Grantaire shook his head slightly, and his eyes were sad as he whispered, “Because for me to believe, for the world to change, there would be a battle. Many would die. The sworn soldiers of the theocracy, the Theocratic Guard, those sworn to protect and obey the will of the gods, they would not just let this happen. And I couldn’t let  _that_  happen.”

Enjolras’s hand slipped down Grantaire’s sleeve to circle his wrist. “Why not?”

“Because the only reason I believe in a godsless love is the very man who would be at the forefront of that battle.” Grantaire took a deep, ragged breath, still looking determinedly at Enjolras, who could not look away if he tried. “And it would be the most selfish thing of all to wish simultaneously to be free of the theocracy while also hoping the man I love is not involved in making it happen, when he would desire above all to be there.”

When Enjolras just stared at him, mouth slightly open, Grantaire rolled his eyes. “Must I spell it out for you? Because I cannot lose you, cannot let you fight what would be a losing battle in hope of something that would never be.” He turned away again, his shoulders sagging. “Now let me go.”

But Enjolras did not let go, and Grantaire turned back, frowning. “Let me go, Enjolras.”

“I can’t do that,” Enjolras whispered, his expression still blank. “Not when I know that there is a way to make you believe.”

“A way that I will not let you pursue,” Grantaire told him. “Especially not when you do not feel the same. Now let me  _go_.”

Enjolras’s voice cracked when he asked, “You think I don’t feel the same?”

Grantaire rolled his eyes. “I  _know_  you don’t feel the same. You have no desire to search for your soulmate which can only mean you have less desire for some worthless do nothing. So let me go and we will not discuss this again.”

“I have no desire to search for my soulmate because I do not need the gods or the theocracy telling me who to love,” Enjolras said quietly, his grip on Grantaire’s wrist not loosening. “And if I did not feel the same way about you, then why would I have spent the past several weeks trying to convince you that our cause had merit?”

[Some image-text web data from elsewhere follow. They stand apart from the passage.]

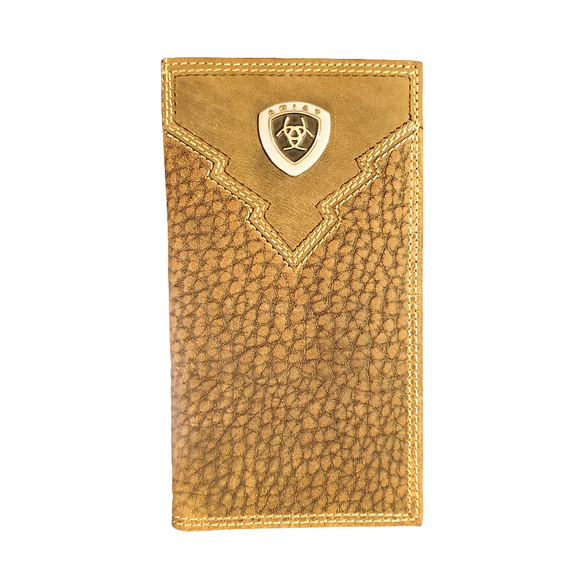 Textured Men's Rodeo Wallet by Ariat®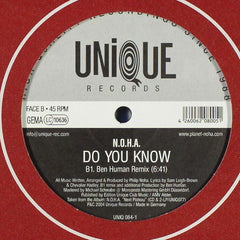 N.O.H.A. : Do You Know (12")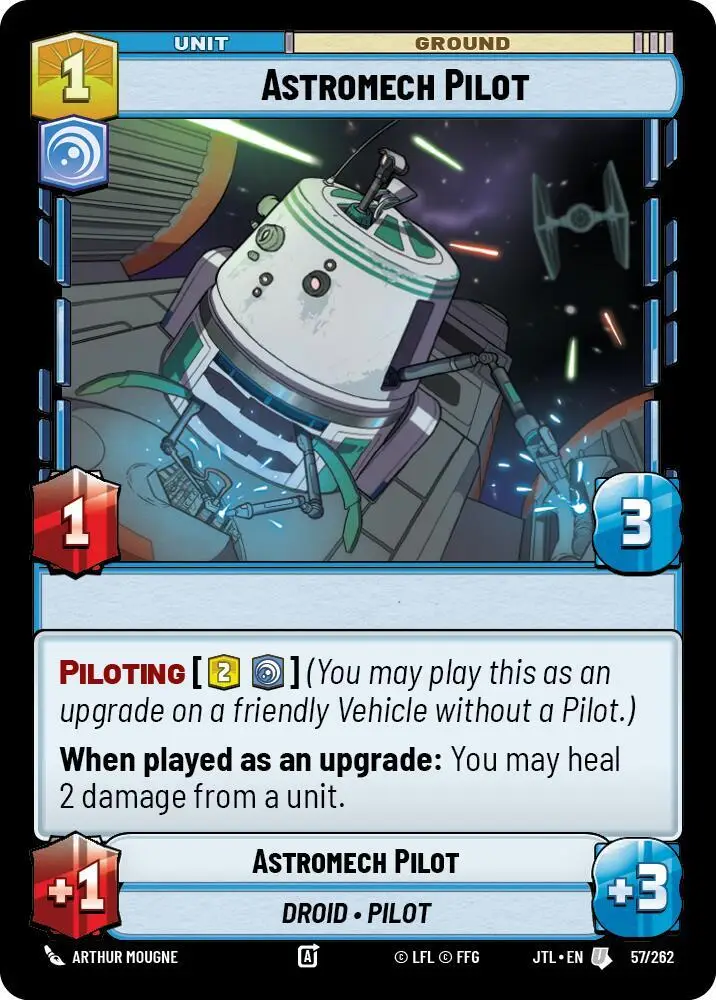 Astromech Pilot - Jump to Lightspeed (JTL)
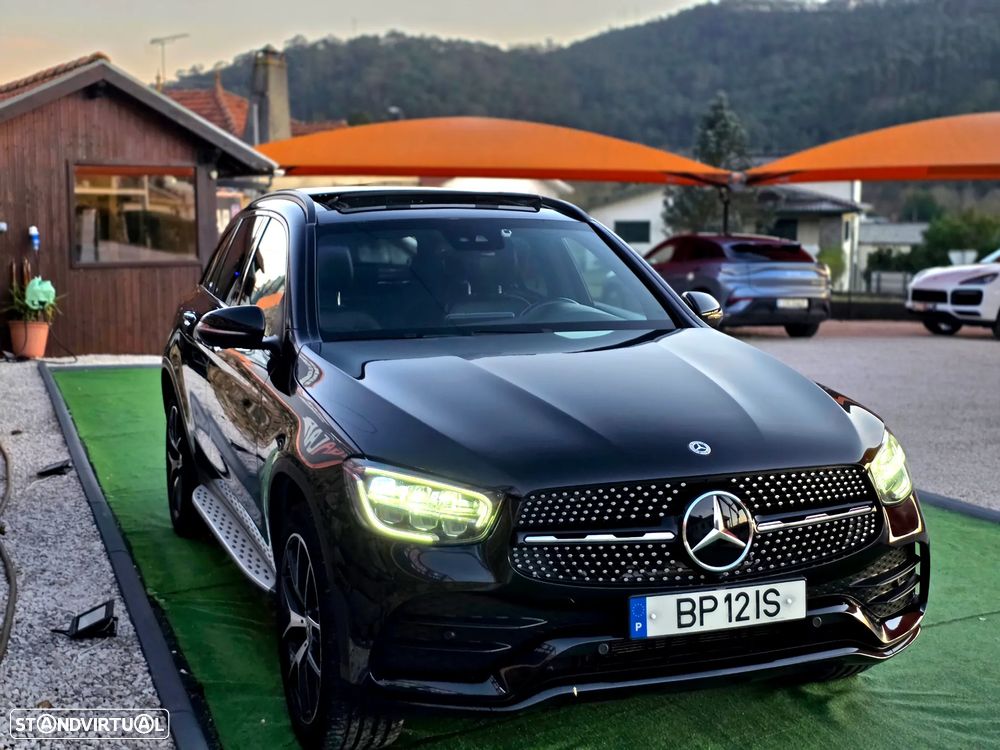 Mercedes-Benz GLC 300 de 4Matic - 11
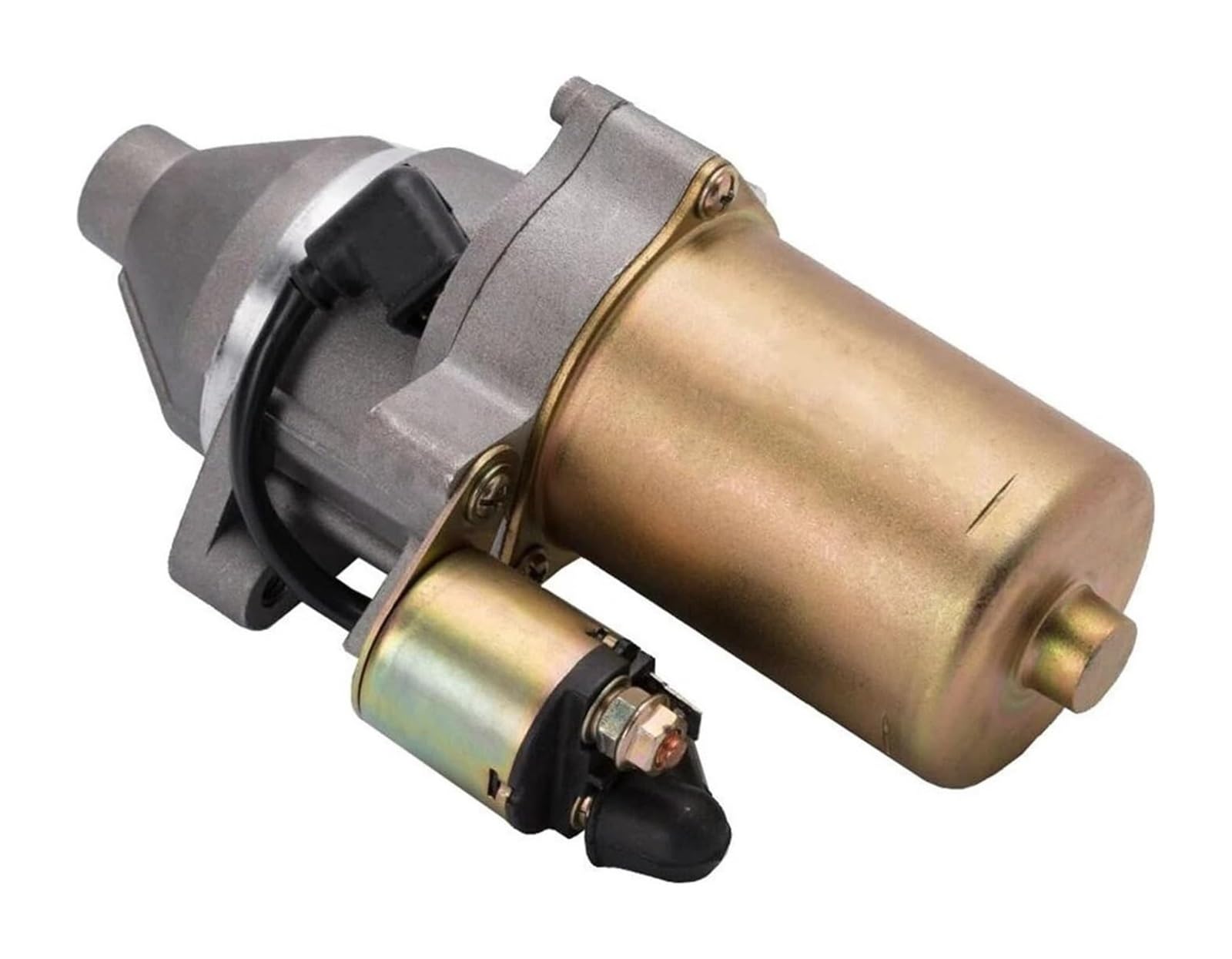 Motor De Arranque Motor De Arranque Gasolina Conjunto Eléctrico 14 Dientes QDJ112 GX390 188F 190F 5-8 KW Eléctrico para Motocicleta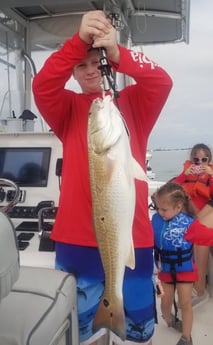 Redfish fishing in Corpus Christi, Texas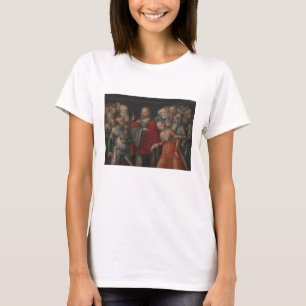 T-shirt Le Christ et l'adultère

Staring at Enjolras with wide eyes, Grantaire suggested breathlessly, “Because you are delusional?”

“Maybe I am,” Enjolras acknowledged, just as breathlessly, “or maybe…” And without elaborating, he closed the space between them and kissed Grantaire.

For a moment, they kissed as if they could not get enough of each other. But then Grantaire pulled away, looking almost panickedly down the street. “Come upstairs,” he said quickly, “so we can talk freely.”

He led Enjolras upstairs, both of them silent, and when Enjolras got into Grantaire’s apartment, he was distracted momentarily by the large canvases around the surprisingly spacious apartment. “I didn’t know you painted,” he said, stepping towards one of the canvases.

Grantaire smiled tightly. “My mother said that my talent was a gift from the gods,” he remarked offhandedly. “And speaking of gifts from the gods…”

Enjolras turned to look at him, taking a deep breath. “I did not know how to put to words what I was feeling for you, why I was so determined to convince you. Love…godsless love or soulmate love…it was not something I had ever sought. Not because of its illegality, but because I did not think I had time, or the inclination. But then…with you…”

He trailed off, but Grantaire nodded in understanding. “And now?” he asked, lightly, as if he didn’t care about the answer.

In response, Enjolras crossed to him and kissed him again. Grantaire kissed him back before whispering, “I love you. Gods be damned.”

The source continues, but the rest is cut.